Cheyne Parham, a US Army Captain, fell in love while stationed in Korea. He married Mary Joy, a Philippine citizen, and they had twin daughters in August 2008. But he’s only seen his children for a fraction of their young lives, because the American Consulate in Manila won’t issue passports to his family, and visas to enter the US.
Perham told CNN that the consulate has forced him to convince them that the children are actually his. Speaking with KBTS, in College Station Texas, Perham said that, “The Consulate said, ‘I’m just not 100 percent convinced you were exclusive at the time of conception.’ Now she based that statement off my wife working at a bar in Korea.”

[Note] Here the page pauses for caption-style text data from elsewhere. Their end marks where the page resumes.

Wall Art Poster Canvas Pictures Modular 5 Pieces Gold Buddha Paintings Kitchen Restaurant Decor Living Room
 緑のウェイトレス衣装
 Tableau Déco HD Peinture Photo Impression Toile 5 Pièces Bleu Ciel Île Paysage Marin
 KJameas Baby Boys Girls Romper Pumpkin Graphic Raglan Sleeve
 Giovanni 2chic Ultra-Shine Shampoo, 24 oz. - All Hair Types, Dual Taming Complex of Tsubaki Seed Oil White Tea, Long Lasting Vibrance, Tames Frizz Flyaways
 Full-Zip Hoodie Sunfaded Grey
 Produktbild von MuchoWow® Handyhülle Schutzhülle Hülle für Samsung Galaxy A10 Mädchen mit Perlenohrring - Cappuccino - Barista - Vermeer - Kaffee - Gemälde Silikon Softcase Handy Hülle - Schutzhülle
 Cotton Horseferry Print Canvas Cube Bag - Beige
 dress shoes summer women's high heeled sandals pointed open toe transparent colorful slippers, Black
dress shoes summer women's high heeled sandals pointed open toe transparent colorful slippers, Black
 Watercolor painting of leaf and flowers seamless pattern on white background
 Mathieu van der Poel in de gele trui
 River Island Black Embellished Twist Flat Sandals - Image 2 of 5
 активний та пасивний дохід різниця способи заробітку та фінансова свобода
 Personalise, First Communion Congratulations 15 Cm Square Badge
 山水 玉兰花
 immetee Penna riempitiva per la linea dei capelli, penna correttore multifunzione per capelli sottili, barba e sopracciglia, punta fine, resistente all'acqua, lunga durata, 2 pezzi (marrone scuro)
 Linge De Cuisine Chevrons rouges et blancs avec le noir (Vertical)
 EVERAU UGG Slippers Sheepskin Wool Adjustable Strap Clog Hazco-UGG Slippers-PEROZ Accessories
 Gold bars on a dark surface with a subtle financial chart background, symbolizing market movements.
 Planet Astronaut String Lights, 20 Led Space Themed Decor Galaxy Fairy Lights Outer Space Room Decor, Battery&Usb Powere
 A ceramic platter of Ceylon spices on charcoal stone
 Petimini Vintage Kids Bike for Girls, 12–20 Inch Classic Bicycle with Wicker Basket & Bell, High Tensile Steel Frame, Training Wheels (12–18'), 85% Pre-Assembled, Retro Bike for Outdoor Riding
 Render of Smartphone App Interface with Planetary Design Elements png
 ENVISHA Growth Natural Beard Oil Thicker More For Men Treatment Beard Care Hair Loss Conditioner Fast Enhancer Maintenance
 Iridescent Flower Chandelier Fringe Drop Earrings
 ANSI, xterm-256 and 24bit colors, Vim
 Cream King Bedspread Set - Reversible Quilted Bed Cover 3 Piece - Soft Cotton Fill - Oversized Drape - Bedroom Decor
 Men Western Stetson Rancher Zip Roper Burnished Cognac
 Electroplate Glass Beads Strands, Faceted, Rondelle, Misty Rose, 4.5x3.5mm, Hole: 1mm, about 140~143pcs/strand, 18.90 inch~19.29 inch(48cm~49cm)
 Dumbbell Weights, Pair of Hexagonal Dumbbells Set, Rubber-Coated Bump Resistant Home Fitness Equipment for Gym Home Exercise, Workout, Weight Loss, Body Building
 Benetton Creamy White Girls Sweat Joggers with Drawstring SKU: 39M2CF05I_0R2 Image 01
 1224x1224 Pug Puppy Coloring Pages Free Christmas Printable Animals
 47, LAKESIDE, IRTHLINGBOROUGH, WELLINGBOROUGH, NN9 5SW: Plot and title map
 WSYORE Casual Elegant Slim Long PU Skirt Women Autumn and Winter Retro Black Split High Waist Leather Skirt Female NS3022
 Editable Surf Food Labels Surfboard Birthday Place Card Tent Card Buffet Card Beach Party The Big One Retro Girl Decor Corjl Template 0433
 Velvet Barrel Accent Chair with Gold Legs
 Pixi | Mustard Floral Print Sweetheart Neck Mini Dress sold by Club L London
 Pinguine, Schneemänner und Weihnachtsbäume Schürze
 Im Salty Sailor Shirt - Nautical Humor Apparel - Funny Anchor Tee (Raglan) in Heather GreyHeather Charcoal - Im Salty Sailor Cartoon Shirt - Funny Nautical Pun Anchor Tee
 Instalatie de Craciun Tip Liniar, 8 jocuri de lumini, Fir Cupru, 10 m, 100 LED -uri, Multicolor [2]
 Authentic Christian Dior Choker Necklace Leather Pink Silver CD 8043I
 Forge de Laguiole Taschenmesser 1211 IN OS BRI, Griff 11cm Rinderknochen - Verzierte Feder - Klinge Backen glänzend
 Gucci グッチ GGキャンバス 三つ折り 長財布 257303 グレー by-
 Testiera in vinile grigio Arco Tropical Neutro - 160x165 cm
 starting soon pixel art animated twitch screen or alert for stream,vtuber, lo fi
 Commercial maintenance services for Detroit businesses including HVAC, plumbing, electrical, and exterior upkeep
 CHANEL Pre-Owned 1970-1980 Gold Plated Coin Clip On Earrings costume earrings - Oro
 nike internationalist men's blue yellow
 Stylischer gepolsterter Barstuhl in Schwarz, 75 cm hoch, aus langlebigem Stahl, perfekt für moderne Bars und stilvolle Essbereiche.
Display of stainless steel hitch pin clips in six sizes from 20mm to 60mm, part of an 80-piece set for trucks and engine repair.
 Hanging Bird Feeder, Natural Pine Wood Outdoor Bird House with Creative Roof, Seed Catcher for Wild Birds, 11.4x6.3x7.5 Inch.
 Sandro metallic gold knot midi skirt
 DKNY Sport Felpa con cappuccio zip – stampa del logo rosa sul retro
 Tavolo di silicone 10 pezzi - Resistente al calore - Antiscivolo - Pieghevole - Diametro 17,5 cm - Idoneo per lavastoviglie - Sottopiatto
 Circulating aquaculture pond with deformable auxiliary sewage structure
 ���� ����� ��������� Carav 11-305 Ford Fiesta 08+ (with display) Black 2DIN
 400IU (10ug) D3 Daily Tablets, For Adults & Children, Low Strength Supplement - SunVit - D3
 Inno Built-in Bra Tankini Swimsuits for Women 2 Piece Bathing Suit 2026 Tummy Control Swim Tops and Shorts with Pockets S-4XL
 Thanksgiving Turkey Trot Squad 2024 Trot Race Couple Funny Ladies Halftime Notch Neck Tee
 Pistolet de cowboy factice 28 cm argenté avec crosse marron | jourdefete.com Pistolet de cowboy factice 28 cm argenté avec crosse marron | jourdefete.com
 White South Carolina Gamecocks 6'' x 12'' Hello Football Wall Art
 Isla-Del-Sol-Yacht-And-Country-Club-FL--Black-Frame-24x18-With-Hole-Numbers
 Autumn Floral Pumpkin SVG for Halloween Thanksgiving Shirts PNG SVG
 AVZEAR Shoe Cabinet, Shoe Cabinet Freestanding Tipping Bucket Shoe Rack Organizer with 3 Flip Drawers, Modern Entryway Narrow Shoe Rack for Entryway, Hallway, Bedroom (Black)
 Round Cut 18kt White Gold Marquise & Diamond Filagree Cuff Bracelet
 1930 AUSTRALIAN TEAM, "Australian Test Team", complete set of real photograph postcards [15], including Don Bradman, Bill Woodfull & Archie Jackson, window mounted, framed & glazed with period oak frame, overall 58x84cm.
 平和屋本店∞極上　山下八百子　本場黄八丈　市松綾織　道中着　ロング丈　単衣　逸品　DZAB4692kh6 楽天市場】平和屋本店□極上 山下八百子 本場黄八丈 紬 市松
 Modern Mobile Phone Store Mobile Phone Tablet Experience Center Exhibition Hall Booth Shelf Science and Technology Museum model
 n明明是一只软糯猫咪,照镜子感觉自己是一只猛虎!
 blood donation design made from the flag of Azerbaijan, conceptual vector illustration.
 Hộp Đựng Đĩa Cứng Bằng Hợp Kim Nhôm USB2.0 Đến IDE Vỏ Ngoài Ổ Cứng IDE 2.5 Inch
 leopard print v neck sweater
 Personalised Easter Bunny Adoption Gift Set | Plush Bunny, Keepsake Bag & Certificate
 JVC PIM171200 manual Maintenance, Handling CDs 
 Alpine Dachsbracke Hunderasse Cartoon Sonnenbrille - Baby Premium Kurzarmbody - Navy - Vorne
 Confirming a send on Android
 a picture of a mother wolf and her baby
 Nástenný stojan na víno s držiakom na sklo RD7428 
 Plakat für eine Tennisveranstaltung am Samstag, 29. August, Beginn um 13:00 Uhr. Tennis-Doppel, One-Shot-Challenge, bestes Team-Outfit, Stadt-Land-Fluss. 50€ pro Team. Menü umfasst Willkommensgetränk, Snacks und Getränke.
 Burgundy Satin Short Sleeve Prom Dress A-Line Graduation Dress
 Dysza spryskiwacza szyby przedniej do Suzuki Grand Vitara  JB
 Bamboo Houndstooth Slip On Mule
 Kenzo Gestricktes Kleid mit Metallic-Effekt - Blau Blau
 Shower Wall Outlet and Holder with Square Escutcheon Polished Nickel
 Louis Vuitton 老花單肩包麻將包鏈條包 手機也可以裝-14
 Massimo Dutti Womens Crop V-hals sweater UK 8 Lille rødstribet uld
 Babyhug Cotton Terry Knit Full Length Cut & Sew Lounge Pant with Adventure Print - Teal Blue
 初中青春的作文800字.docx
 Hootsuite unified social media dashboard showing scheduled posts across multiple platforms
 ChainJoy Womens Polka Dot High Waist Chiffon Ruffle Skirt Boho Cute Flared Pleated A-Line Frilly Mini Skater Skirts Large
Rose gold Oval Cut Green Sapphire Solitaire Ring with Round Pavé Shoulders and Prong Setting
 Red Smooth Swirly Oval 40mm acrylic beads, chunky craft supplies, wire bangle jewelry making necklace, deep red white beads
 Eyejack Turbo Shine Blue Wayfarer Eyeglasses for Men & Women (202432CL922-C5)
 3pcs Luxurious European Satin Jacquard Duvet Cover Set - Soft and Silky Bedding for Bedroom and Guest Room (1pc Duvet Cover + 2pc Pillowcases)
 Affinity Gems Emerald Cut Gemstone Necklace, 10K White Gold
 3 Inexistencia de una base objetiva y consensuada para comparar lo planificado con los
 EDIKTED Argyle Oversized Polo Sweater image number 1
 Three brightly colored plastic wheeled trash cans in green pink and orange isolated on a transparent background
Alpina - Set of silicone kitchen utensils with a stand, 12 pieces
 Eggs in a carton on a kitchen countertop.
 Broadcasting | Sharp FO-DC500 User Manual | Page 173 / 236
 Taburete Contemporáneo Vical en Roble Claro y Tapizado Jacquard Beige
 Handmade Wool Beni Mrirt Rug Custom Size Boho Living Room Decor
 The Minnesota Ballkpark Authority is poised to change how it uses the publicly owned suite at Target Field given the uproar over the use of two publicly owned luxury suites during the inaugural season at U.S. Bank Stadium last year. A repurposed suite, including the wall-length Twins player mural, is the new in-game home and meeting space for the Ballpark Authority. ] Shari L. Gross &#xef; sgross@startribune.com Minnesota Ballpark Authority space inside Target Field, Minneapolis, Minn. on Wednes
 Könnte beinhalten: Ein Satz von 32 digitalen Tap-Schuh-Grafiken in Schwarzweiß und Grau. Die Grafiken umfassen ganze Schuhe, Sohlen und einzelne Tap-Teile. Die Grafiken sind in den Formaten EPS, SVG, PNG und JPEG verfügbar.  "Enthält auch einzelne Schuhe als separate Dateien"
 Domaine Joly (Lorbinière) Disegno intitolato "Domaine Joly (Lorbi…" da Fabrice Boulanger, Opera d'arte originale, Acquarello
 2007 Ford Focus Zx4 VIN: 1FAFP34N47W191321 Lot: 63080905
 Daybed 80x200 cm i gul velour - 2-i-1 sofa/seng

Parham supplied the consulate with birth certificates, a marriage certificate, insurance forms, and a court ruling validating his paternity. The consulate was unmoved. Finally, he took a DNA test, showing him to be the father.
The Departement of State, however, is not accepting that test, and is requiring him to take still another DNA test conducted by the consulate, which would only extend his separation from his wife and kids.
Parham’s family cannot even come to the US as visitors, since the investigation to prove Parham’s paternity is an open case with the State Department.
The family has turned to the courts without luck. A federal court dismissed Parham’s case without addressing his paternity, simply agreeing with the State Department’s argument that Parham still had other official avenues available. He is appealing the ruling.
“I have a responsibility to every other service member who has been through this, and that will be in this situation. Because if I don’t fight then the wrong will just happen again,” Parham said.